LONDON (Reuters) – Hedge funds are positioning to profit from a plan to slash Greece’s towering debt pile as Athens enters final talks that could sway the country’s membership of the euro.

York Capital, the $14 billion fund part-owned by Swiss banking giant Credit Suisse , New York-listed Och Ziff , and $10 billion-strong Marathon Asset Management are among those who collectively may have built up sufficiently large positions to scupper the bailout deal, several sources close to the debt restructuring told Reuters.

The deal asks creditors to voluntarily write down 50 percent of the notional value of their bond holdings. But hedge funds may opt out, hoping that Athens will let them get away with it to save itself political embarassment.

“I think we’ll hold out.
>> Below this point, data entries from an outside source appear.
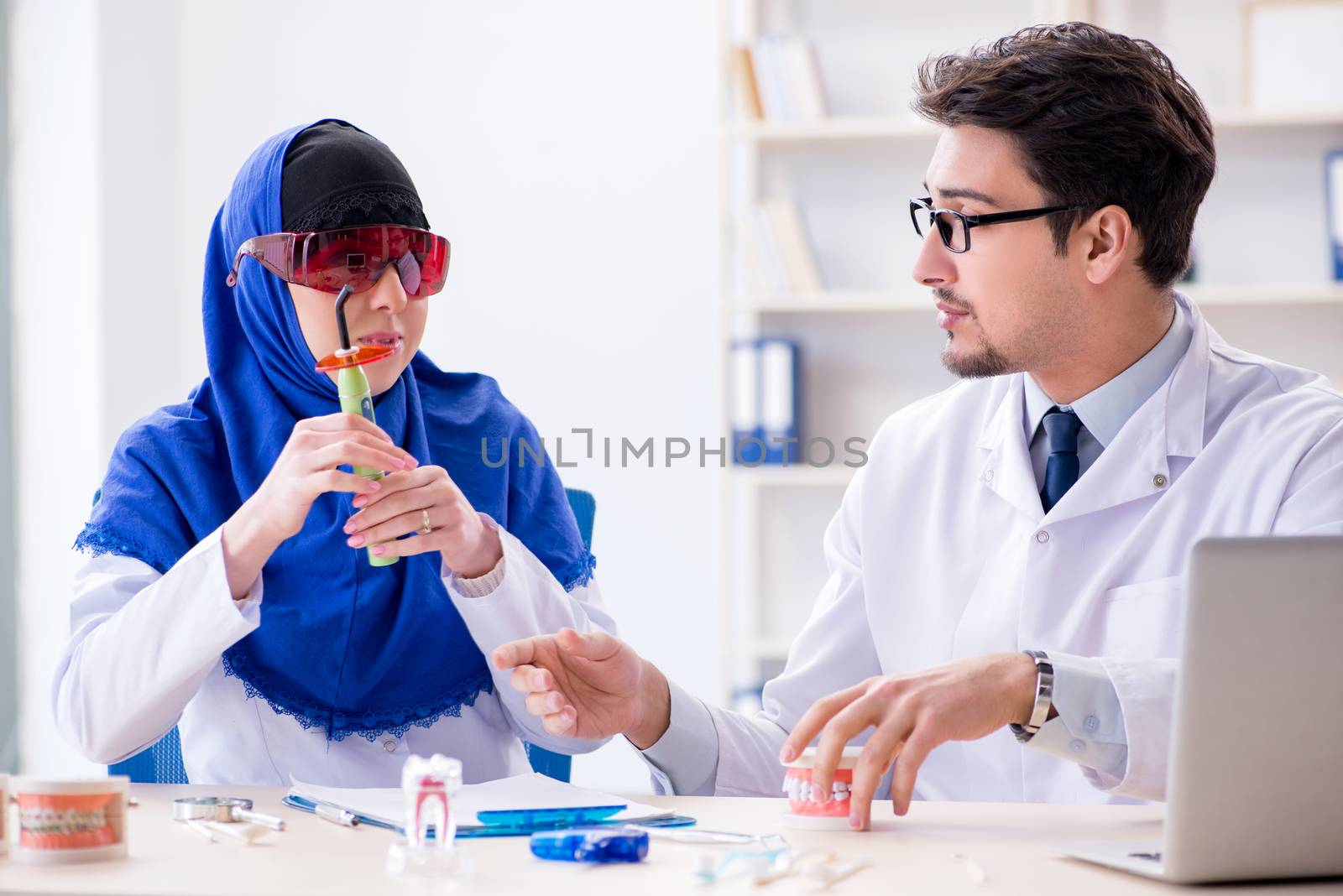 Dentist doctor and assistant working on new tooth implant by Elnur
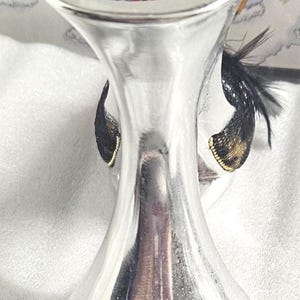 May include: A silver-colored, decorative wine bottle stopper with a flared top and a base. The stopper features black and gold accents, with a feather-like design. The background shows a winter scene with snowmen.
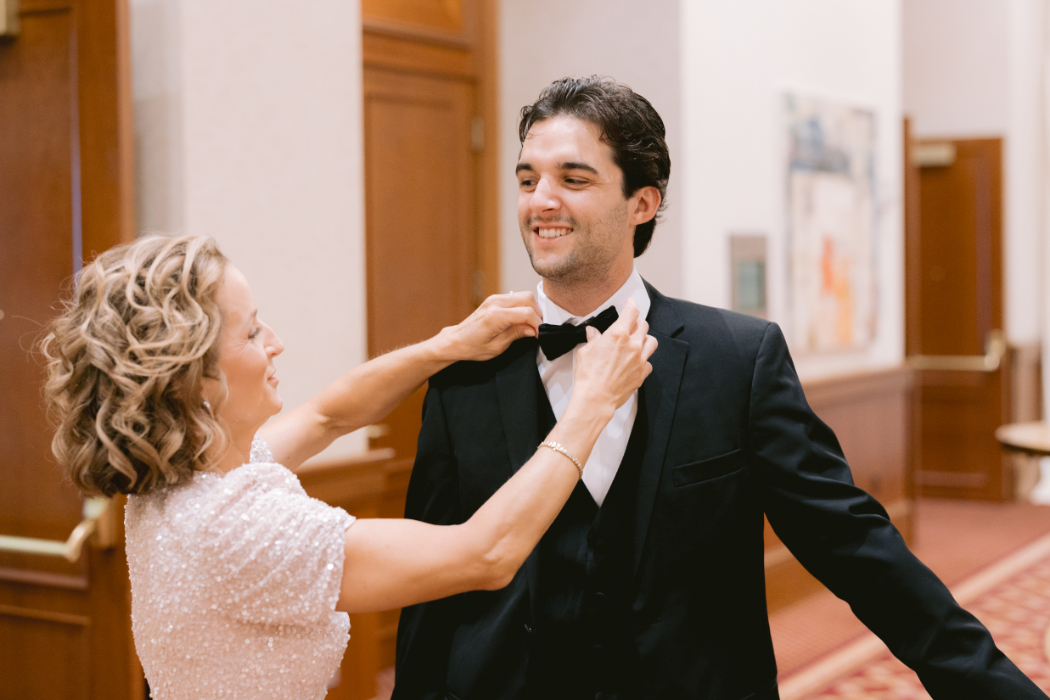 A groom's mother adjusts his bowtie as he smiles.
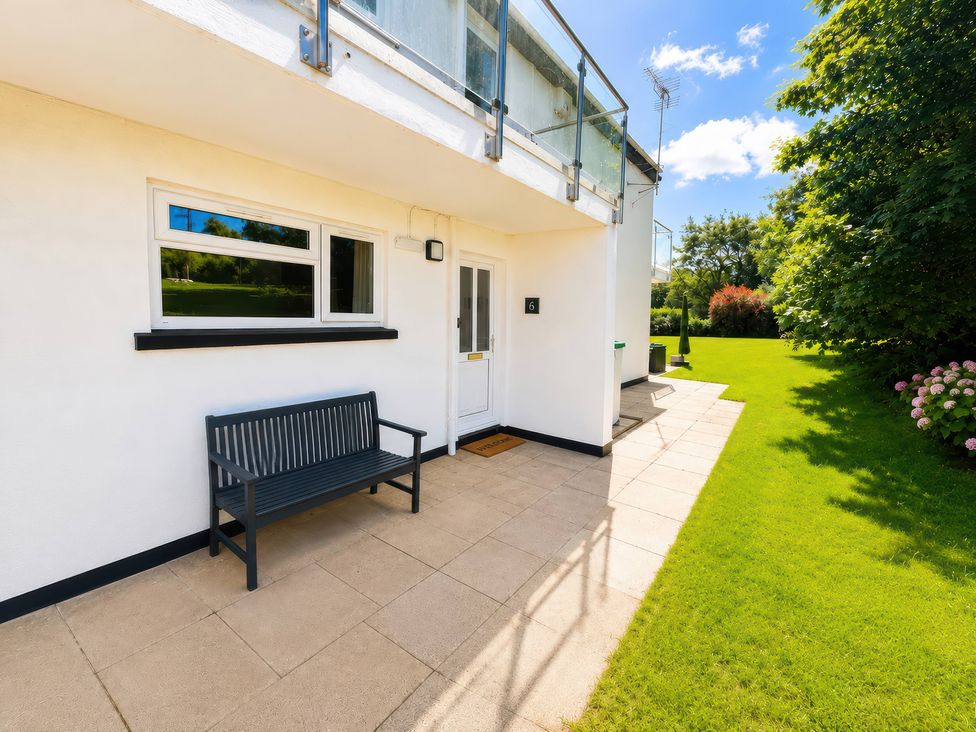 An outdoor area with a bench and door at 6 Coedrath Park - Swn y Mor, Saundersfoot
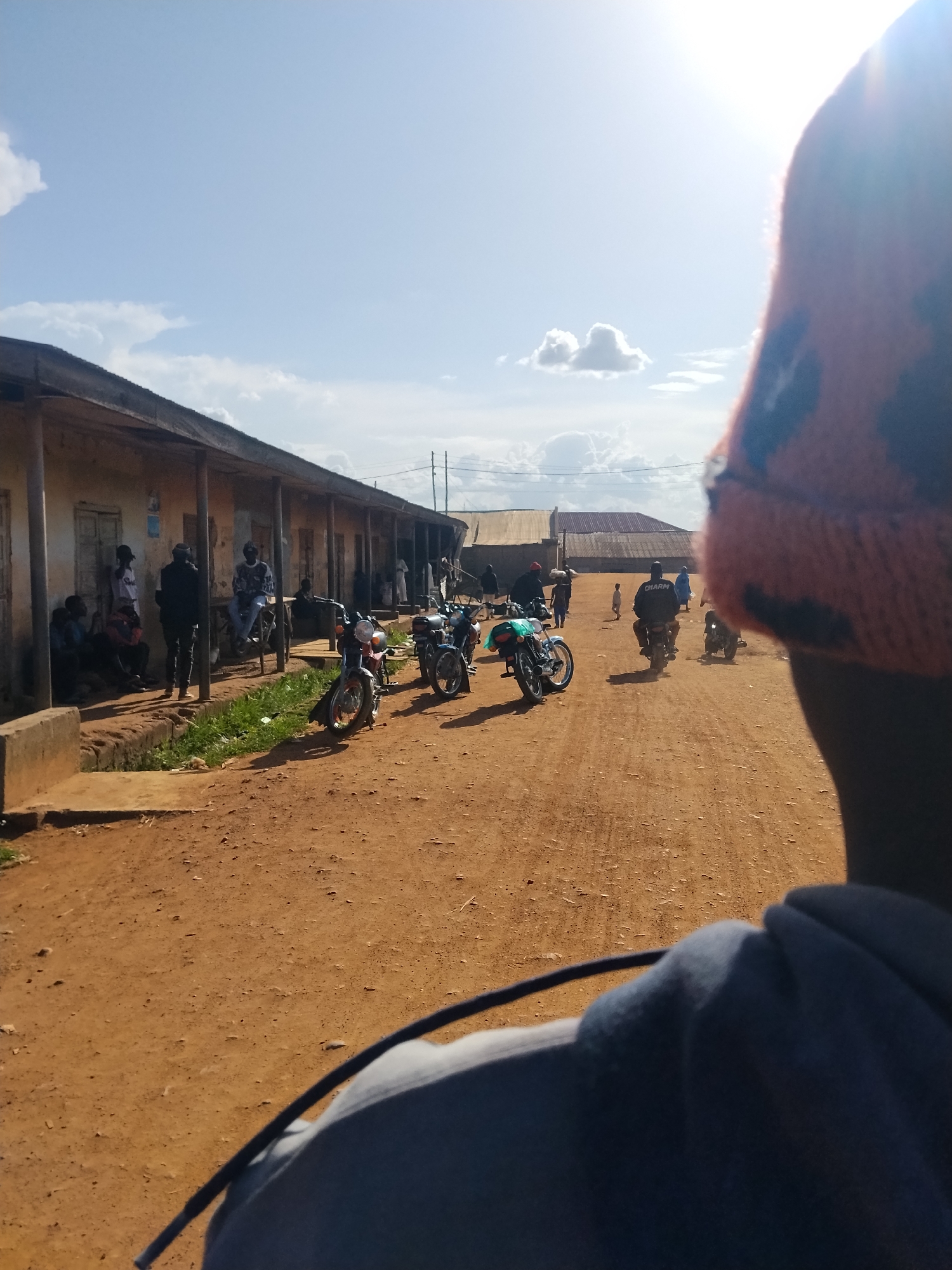The image depicts a sunny day in Mangu Town, Nigeria, with a clear blue sky dotted with fluffy white clouds. The scene is a dusty, unpaved street lined with simple, one-story buildings. The buildings appear to be made of mud or concrete with corrugated metal roofs.
Several people are present, gathered in small groups along the street. Some are standing near the buildings, while others are sitting. A few motorcycles are parked along the side of the street, and some people are seen riding motorcycles in the distance. The presence of motorcycles suggests that they are a common mode of transportation in this location. The overall atmosphere appears to be casual and community-oriented, with people socializing and going about their daily activities.
The time of day is likely mid-morning or early afternoon, given the bright sunlight and the shadows cast on the ground. The weather is warm and sunny, typical for a tropical climate. The unpaved street, simple architecture, and the presence of motorcycles are strong indicators of a rural or semi-urban setting in Nigeria.
In the foreground, the back of a person wearing a blue hooded sweatshirt and an orange beanie is visible, suggesting the photo was taken from the perspective of someone riding on the back of a motorcycle or walking behind someone.
No visible text is discernible in the image.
People are so slow in Europe and by the time they’ve got everything in place logistically this might be the one window where investors might be paid back in full,” said one hedge fund manager who owns Greek bonds.

The stakes for Greece are high. Without the deal, the international lenders will not bail Athens out a second time, which means it will likely default around March 20, when a 14.5 billion euro bond falls due.

But hoping that Greece will pay out after all looks increasingly like a dangerous strategy. According to three senior euro zone sources on Thursday, the country is likely to force all creditors into the deal.

Read the rest here.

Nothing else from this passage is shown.